魔物を狩っていたなんて言えないからそこだけ誤魔化す。

「クロエはどうなの?」

「わっちは船で近くの無人島に遊びに行ったり、港町を散策したりしてたんよ」


パルファムの港町ならお父様とお母様と行った場所だろう。

「へー、港町ってどんなのかなぁ。見てみたいなぁ」

「色んな物を売ってんよ。『干物』とか『イカ干し』とか『シオカラ』とかね。ミリが見たらびっくりすると思うんよ。」

「あっ、でもあたしも『干物』を食べた事あるわ」

「そうなん?まぁ『干物』はパルファムから他の領へも出してるから、ミズーリ領でも手に入る事もあんのか」


ふふふとミリは笑って言う。

「『干物』は身をほぐすのが出来なくてお父様にお願いしたの」

「そうなん?まぁ『箸』を使えるもんはこっち王都ではみいへんなぁ」

「お父様は器用だから『箸』も上手に使えてたわ」


そんな話をしている内に食堂に着いた。

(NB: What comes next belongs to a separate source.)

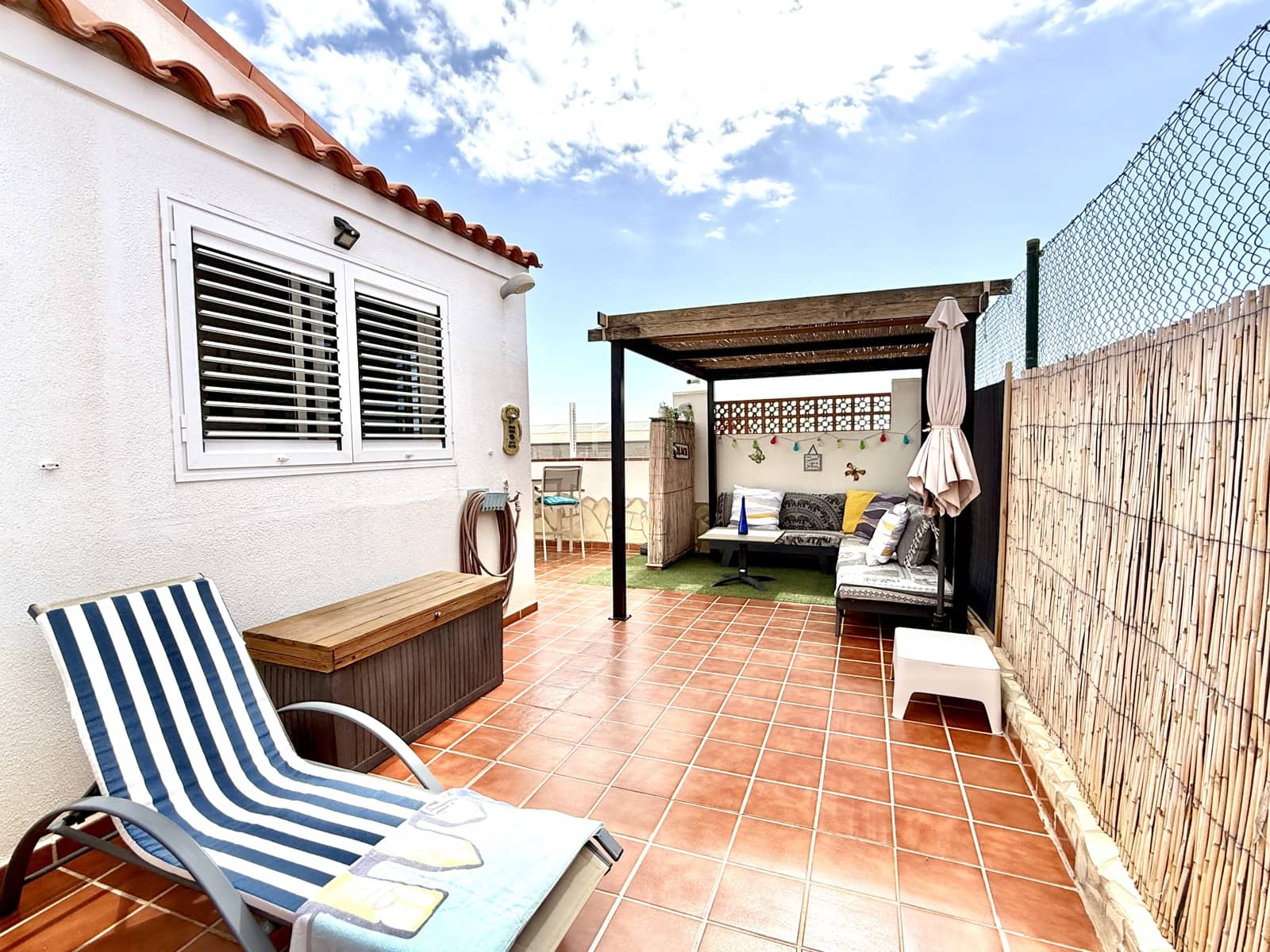 2 chambre Bungalow à vendre à Caleta de Fuste avec piscine - 275 000 € (Ref: 9793741)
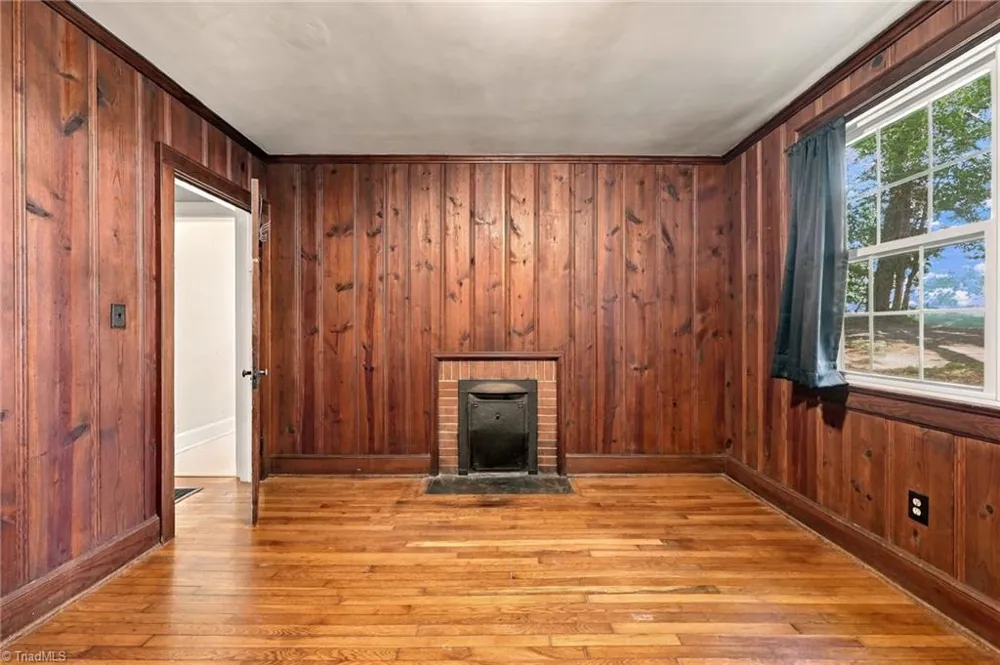 351 Lindley Avenue Asheboro, NC 27203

食堂には沢山の人が居たけどそんなに怖く無かった。クロエと並んで普通のセットをトレイに乗せて受け取る。

セットの内容はちょっと細長いパンとウィンナーが入った白いスープに野菜ジュースだ。パンは好きなだけ取れるので2つ取ったら、クロエは3つも取っていた。寮もそうだが学園の食堂も無料なので食べられるだけ取るものだ。その代わり食べ切れないとか残すのは出来ない。しっかり食堂のおじさんに怒られる。


クロエと座る場所を探しているとテラス席の前の扉の近くのテーブルにリリスお姉ちゃんが他の女の子とお喋りしていた。あたしはクロエを連れてリリスお姉ちゃんに声を掛けた。

「アマリリス様、こちらご一緒しても宜しいでしょうか?」

余所行きの言葉遣いでリリスお姉ちゃんに声を掛けると嬉しそうにリリスお姉ちゃんが振り返った。

「あら、ミリ様。どうぞどうぞ。」


あたしとクロエが礼を言いながら相席するとリリスお姉ちゃんと話していた女性を紹介してくれた。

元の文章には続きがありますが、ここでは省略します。